◆ Data to examine:
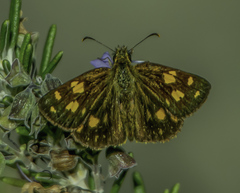 Metisella metis paris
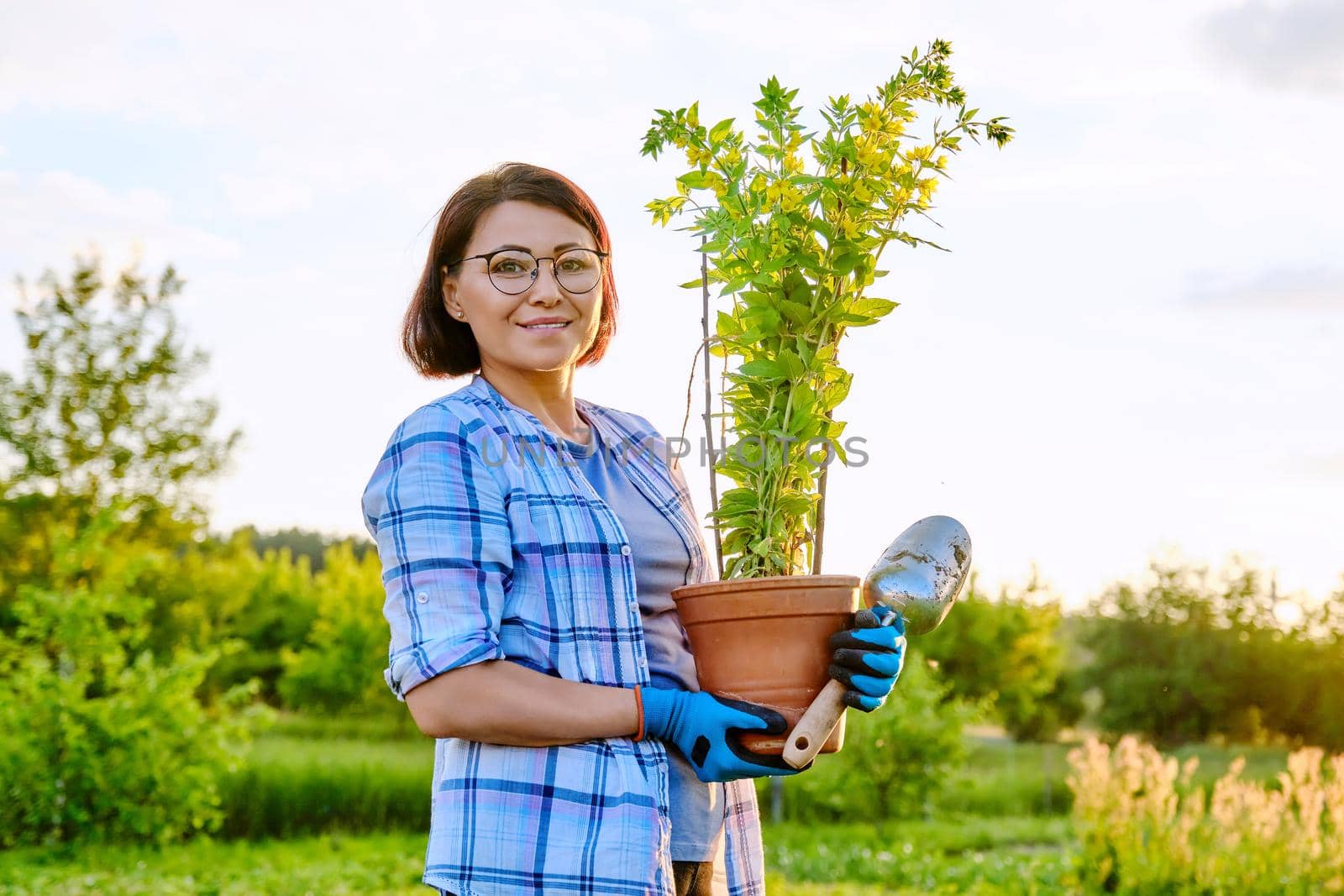 Woman gardener holding pot with flowering loosestrife plant, nature background by VH-studio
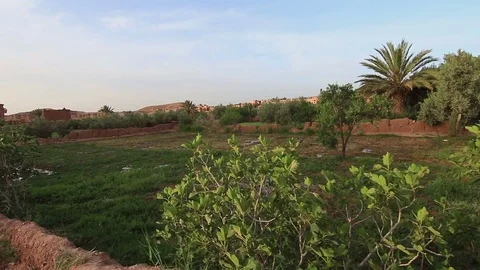 Personal view of walking in African desert scenic city close to water oasis. Video stock 85454965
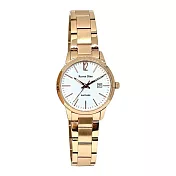 Roven Dino羅梵迪諾 城市旅人時尚腕錶-玫瑰金X白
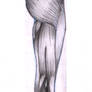 Rear leg muscles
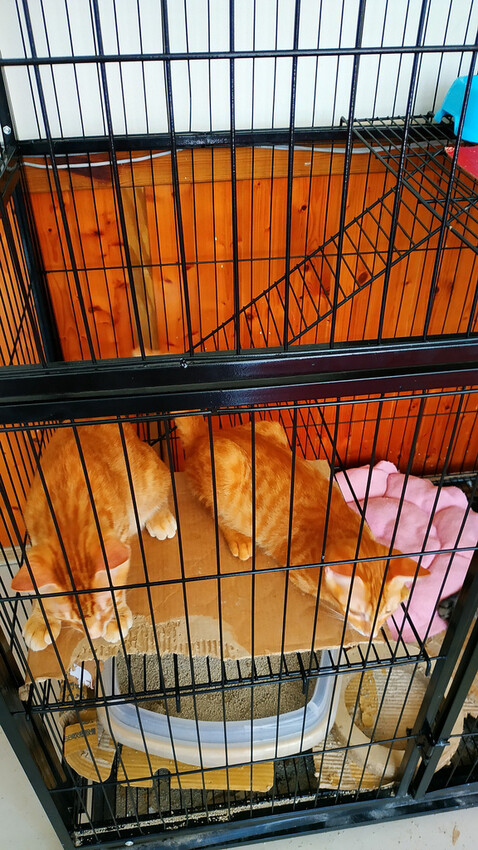 想去海邊玩距離墾丁白沙灣很近的夏日風情獨棟民宿, 恆春 墾丁峰晴民宿-海灣館 29.jpg 想去海邊玩距離墾丁白沙灣很近的夏日風情獨棟民宿, 恆春 墾丁峰晴民宿-海灣館 29.jpg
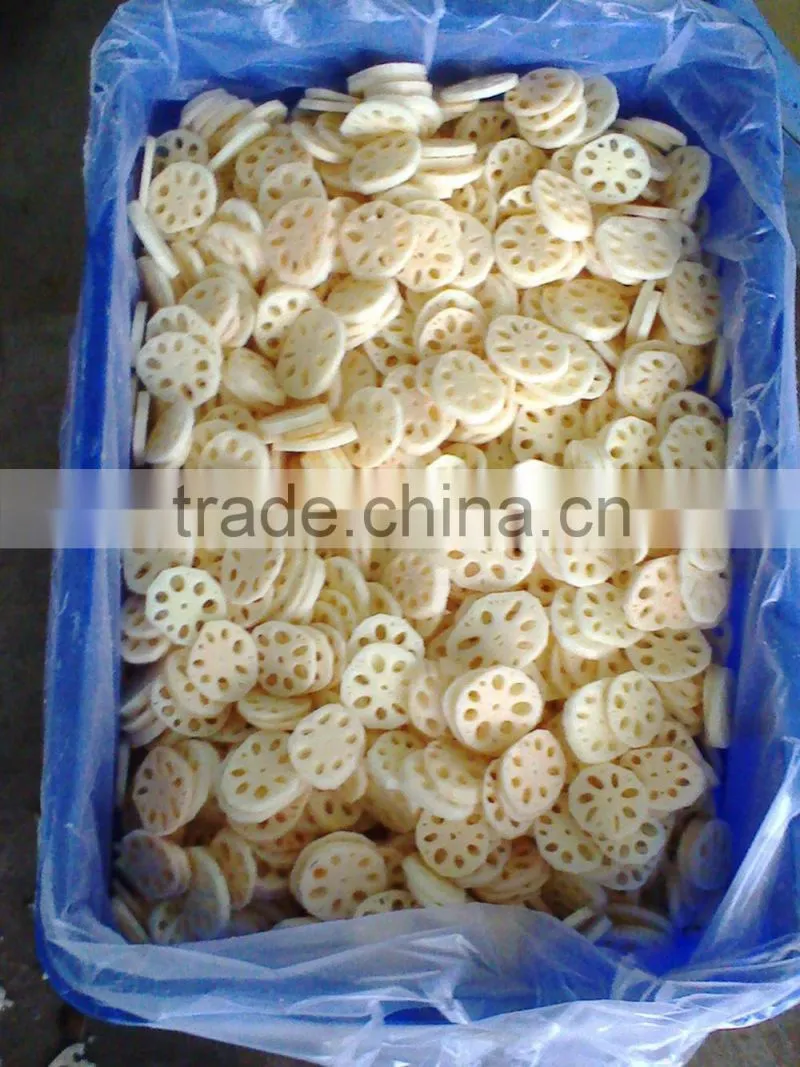 FROZEN LOTUS ROOT WITH BEST PRICE AND GOOD QUALITY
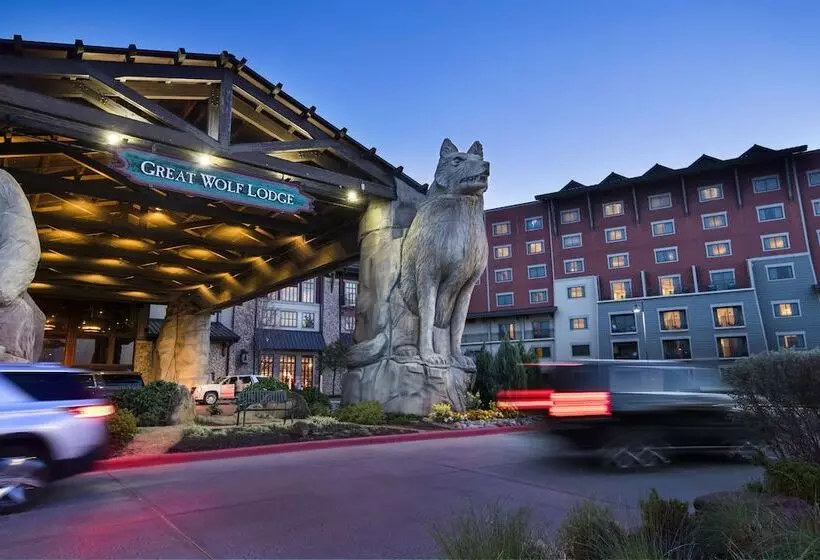 Курорт Great Wolf Lodge Grapevine
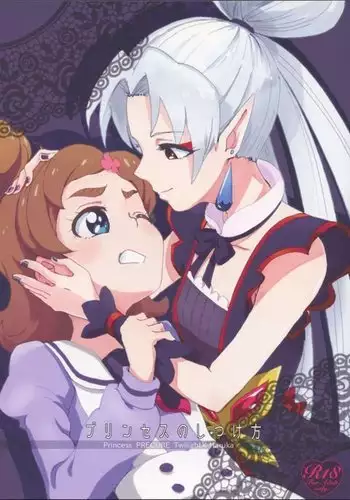 Princess no Shitsukekata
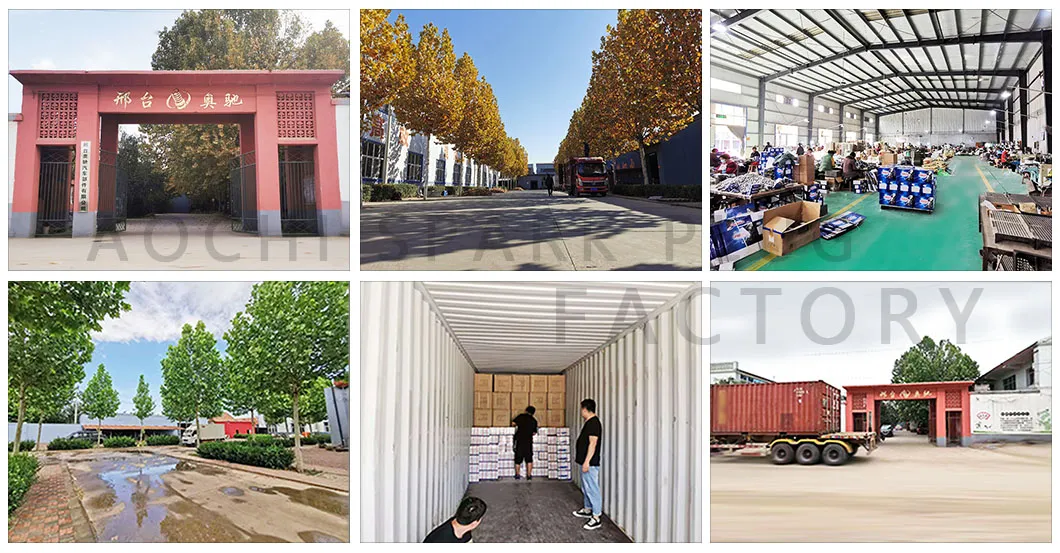 Black Motorcycle Spark Parts Motorcycle Brake Shoe (WY)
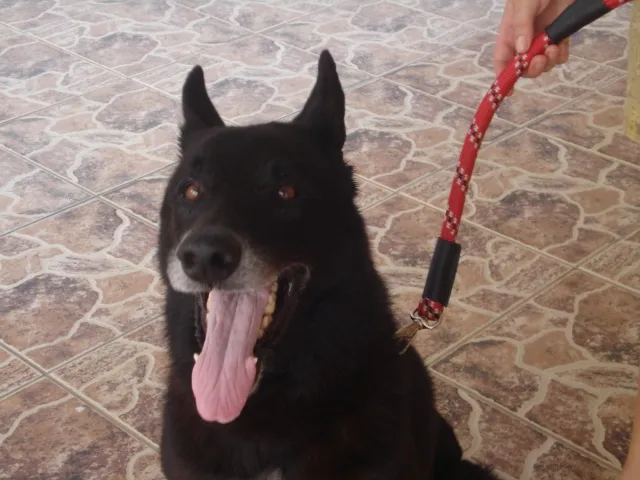Cachorro ra a Pastor Belga idade 6 ou mais anos nome Luck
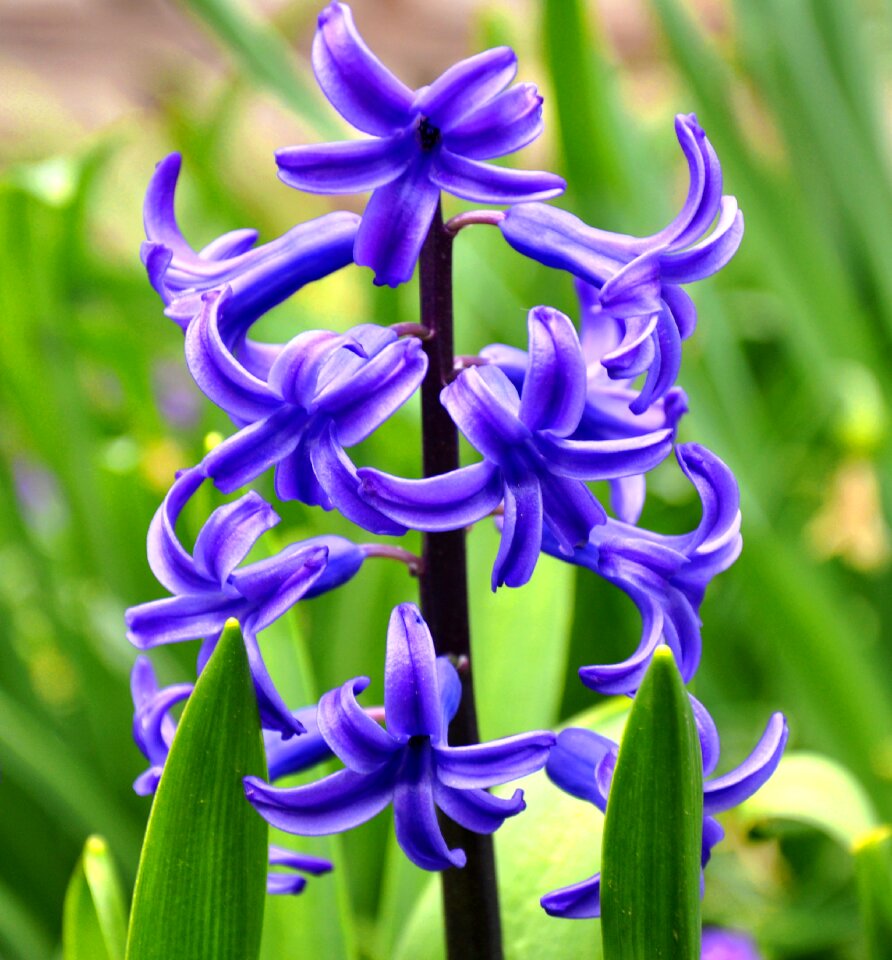 Hyacinth flower spring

◆ Exercise directions:
Extract the run of lines from the line holding "Rear leg muscles" through the final line of the material above, exactly and inclusively. Leave the pictures behind.

◆ Output below:
 Rear leg muscles
 想去海邊玩距離墾丁白沙灣很近的夏日風情獨棟民宿, 恆春 墾丁峰晴民宿-海灣館 29.jpg 想去海邊玩距離墾丁白沙灣很近的夏日風情獨棟民宿, 恆春 墾丁峰晴民宿-海灣館 29.jpg
 FROZEN LOTUS ROOT WITH BEST PRICE AND GOOD QUALITY
 Курорт Great Wolf Lodge Grapevine
 Princess no Shitsukekata
 Black Motorcycle Spark Parts Motorcycle Brake Shoe (WY)
Cachorro ra a Pastor Belga idade 6 ou mais anos nome Luck
 Hyacinth flower spring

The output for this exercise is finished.